# I'm stuffed



## Jay (Mar 7, 2011)

Took advantage of a day off yesterday.

Breakfast:
Buckwheat pancakes, French toast, and ham steaks

Lunch:
Spinach and ricotta manicotti (starting with hme made crepes) with bechamel and marinara

Dinner:
Corned beef, cabbage, and potatoes.

I can't feel my legs.


----------



## Pensacola Tiger (Mar 7, 2011)

Jay said:


> Took advantage of a day off yesterday.
> 
> Breakfast:
> Buckwheat pancakes, French toast, and ham steaks
> ...


 
Can you still see them?

Great menu, BTW. Reminds me that I need to start corning a brisket for St Patrick's Day dinner.


----------



## Jim (Mar 7, 2011)

What no dessert?


----------



## Dave Martell (Mar 7, 2011)

Glutton


----------



## Jay (Mar 7, 2011)

Jim said:


> What no dessert?


 






No room!

On a positive note, the annual corned beef overkill extravaganza is a great opportunity to break out a yanagi, which sadly sees little use during the year.
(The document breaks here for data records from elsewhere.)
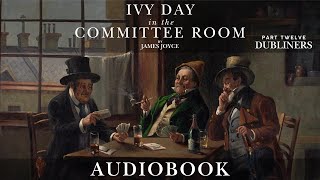 Ivy Day in the Committee Room by James Joyce - DUBLINERS Part Twelve | Short Story Audiobook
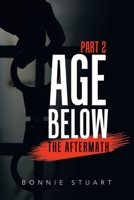 Age Below: The Aftermath 1664166742 Book Cover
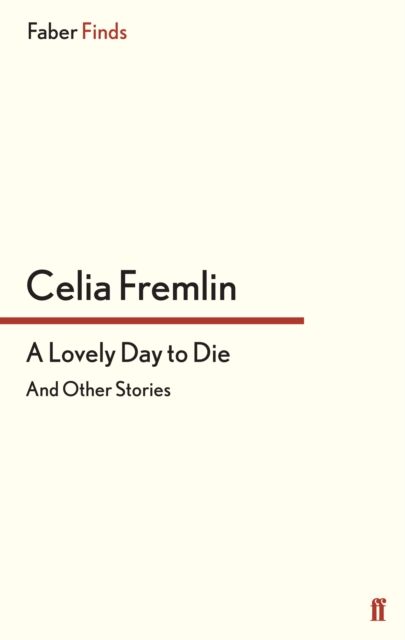 A Lovely Day to Die : And Other Stories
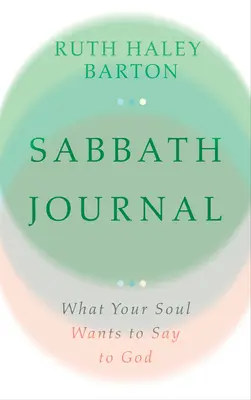 Szombati napló: Amit a lelked mondani akar Istennek - Sabbath Journal: What Your Soul Wants to Say to God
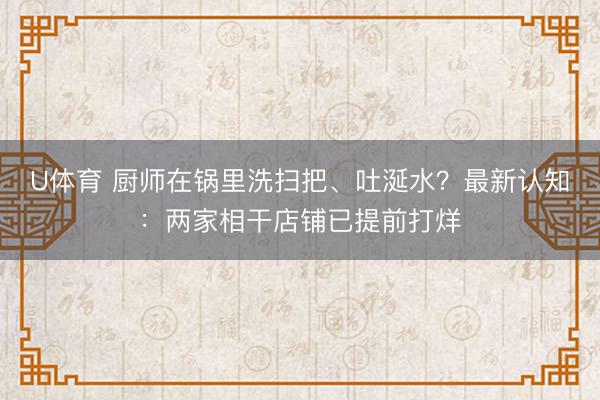 U体育 厨师在锅里洗扫把、吐涎水？最新认知：两家相干店铺已提前打烊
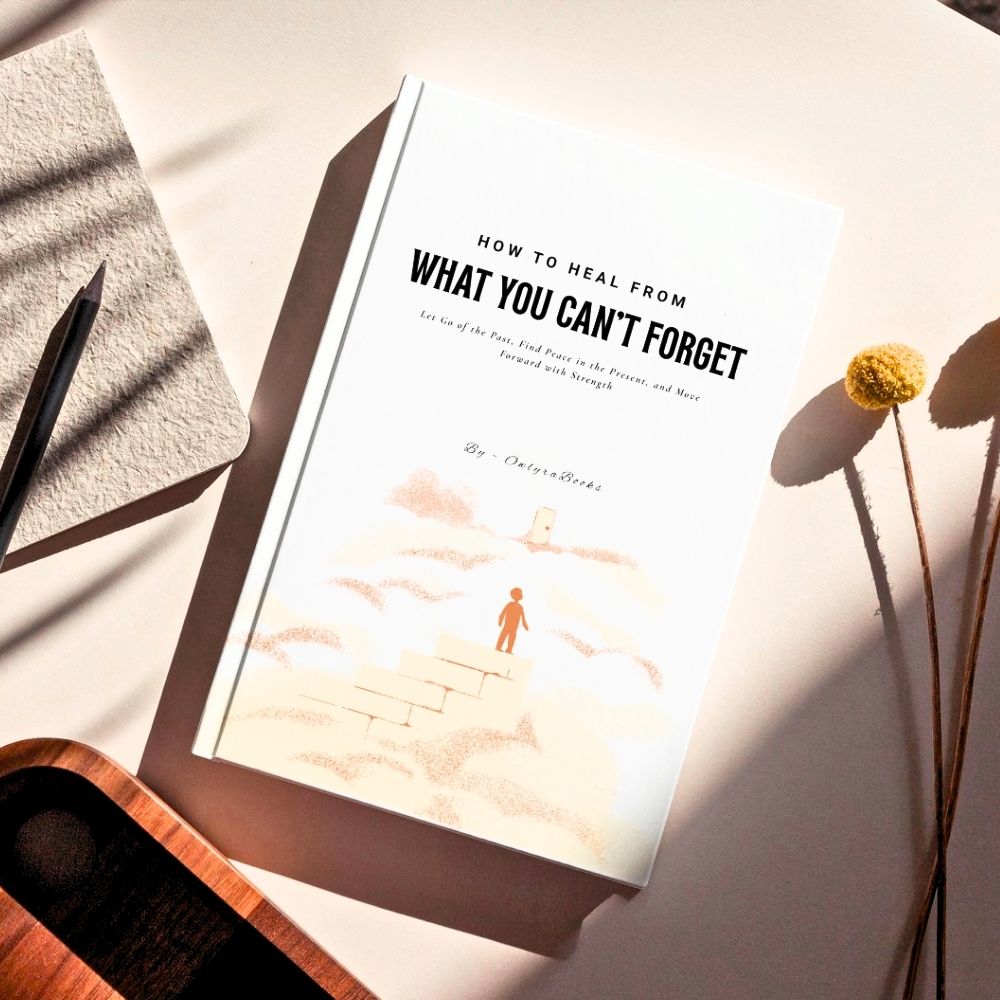 How to Heal from What You Can’t Forget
Bonus points: point cut or flat cut?


----------



## Jim (Mar 7, 2011)

Jay said:


> No room!
> 
> On a positive note, the annual corned beef overkill extravaganza is a great opportunity to break out a yanagi, which sadly sees little use during the year.
> 
> ...


 
Half point and half flat for my sammich please.


----------



## FryBoy (Mar 7, 2011)

Brings to mind what happened to Michelangelo's David after being loaned to the U.S. for 3 months for a tour sponsored by these fine establishments:







David before leaving Florence:






David after return from America:


----------



## Delbert Ealy (Mar 7, 2011)

Doug,
Thanks for posting that, I needed a good chuckle.


----------



## Pensacola Tiger (Mar 7, 2011)

Jay said:


> No room!
> 
> On a positive note, the annual corned beef overkill extravaganza is a great opportunity to break out a yanagi, which sadly sees little use during the year.
> 
> ...


 
Point cut brisket for corned beef; flat cut for BBQ.


----------